Overall Objectives
Scientific Foundations
Application Domains
New Results
Contracts and Grants with Industry
Other Grants and Activities

Section: Scientific Foundations

Keywords : Low-level Descriptor, Metadata.

Document Description and Metadata

All the multimedia documents have the ambivalent characteristic to be, on the one hand, very rich semantically and, on the other hand, very poor, especially when considering the elementary components which constitute them (sets of characters or of pixels). More concise and informative descriptions are needed in order to handle these documents.

Image Description

Keywords : Image Matching, Image Recognition, Image Indexing, Invariants.

Computing image descriptors has been studied for about thirty years. The aim of such a description is to extract indices called descriptors whose distance reflects those of the images they are computed from. This problem can be seen as a coding problem: how images should be coded such that the similarity between the codes reflects the similarity between the original images?
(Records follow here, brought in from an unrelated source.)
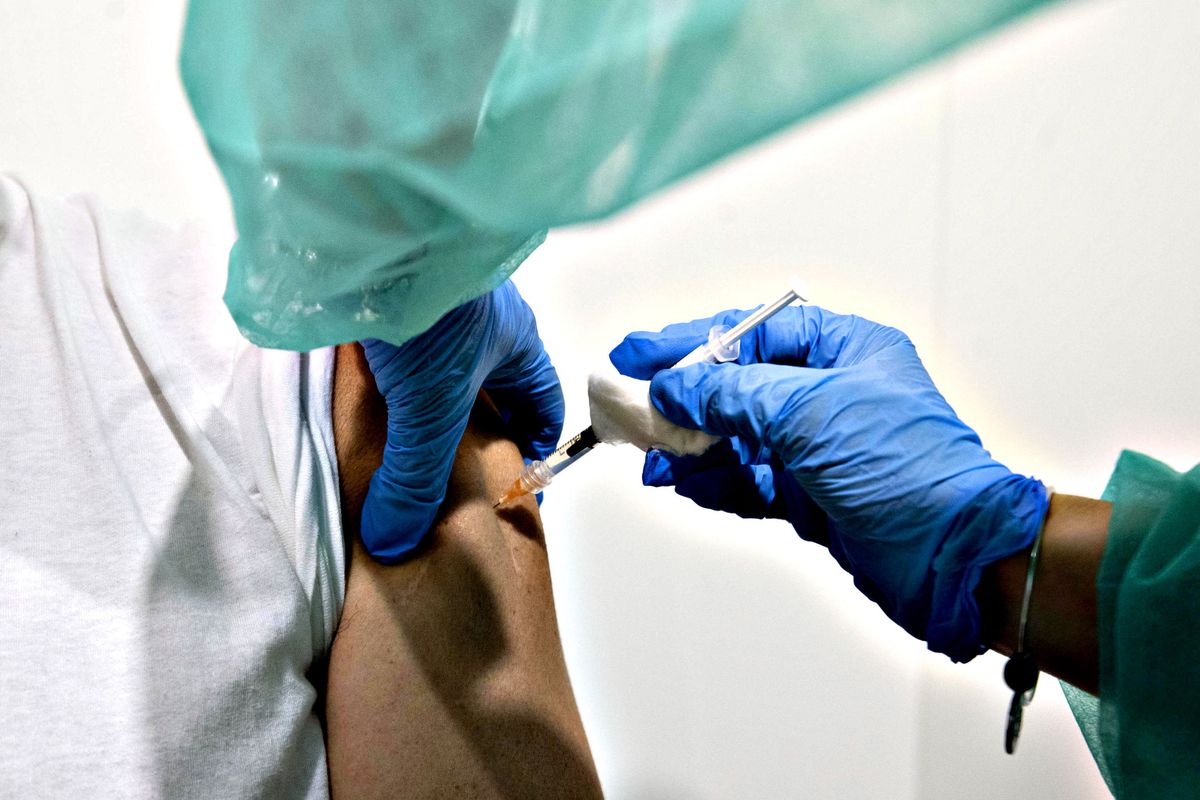 Aifa confessa: sui vaccini ok alla cieca
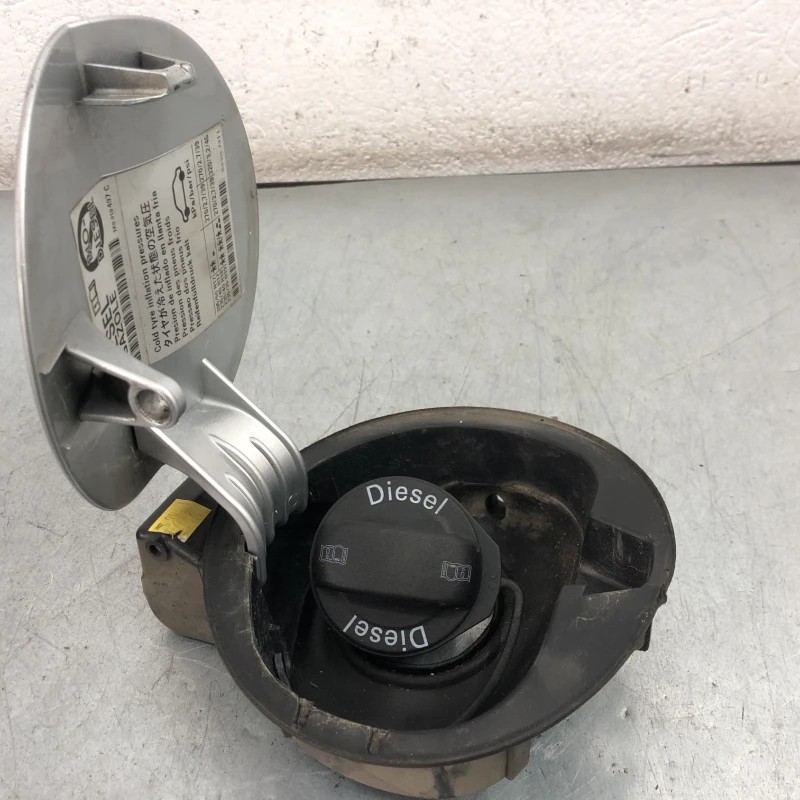 Capac usa rezervor / Volkswagen Passat CC 2013 / Caroserie, oglinzi si faruri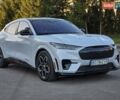 Белый Форд Mustang Mach-E, объемом двигателя 0 л и пробегом 31 тыс. км за 31999 $, фото 5 на Automoto.ua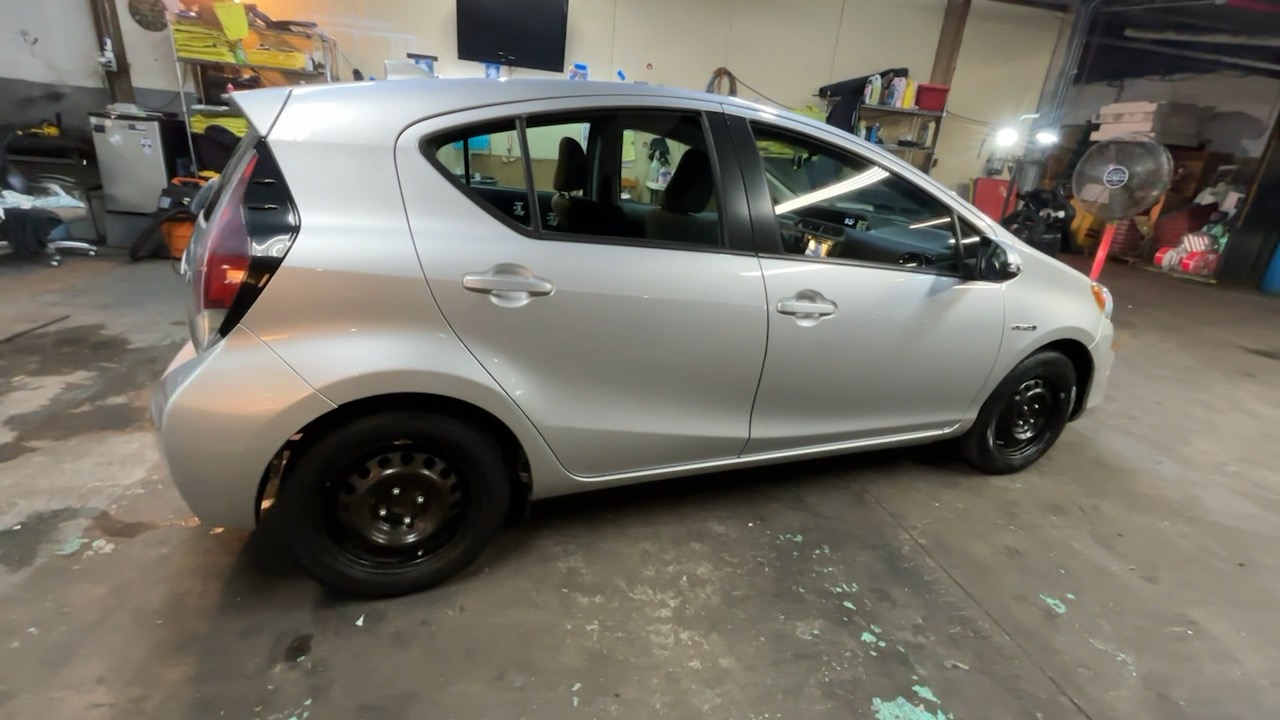 2015 Toyota Prius c Four 10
The first difficulty of the problem is that image similarity is not a well-defined concept. Images are polysemic, and their similarity level will depend on the user who judges this similarity, on the problem this user tries to solve, and on the set of images he/she uses at this moment. As a consequence, there does not exist a single descriptor which can solve every problem.

The problem can be specialized with respect to the different kinds of users, databases and needs. As an example, the problem of professional users is usually very specific, when domestic users need more generic solutions. The same difference occurs between databases composed of very dissimilar images and those only composed of images of the same kind (e.g. , fingerprints or X-ray images). Finally, retrieving one particular image from an excerpt or browsing a database to choose a set of images may require very different descriptors.

To solve these problems, many descriptors have been proposed in the literature. The most frequent frame of use considered is that of image retrieval from a large database using the query-by-example paradigm. In this case, the descriptors integrate information on the whole image: color histograms in various color spaces, texture descriptors, shape descriptors (with the major drawback that it requires an automatic image segmentation). This field of research is still active: color histograms provide too poor information to solve any problem as soon as the size of the database increases [102] . Several solutions have been proposed to remedy this problem: correlograms [79] , weighted histograms [53] ...

Texture histograms are usually useful for one kind of texture, but they fail to describe all the possible textures, and no technique exists to decide in which category a given texture falls, and thus which descriptor should be used to describe it properly. Shape descriptors suffer from a lack of robustness.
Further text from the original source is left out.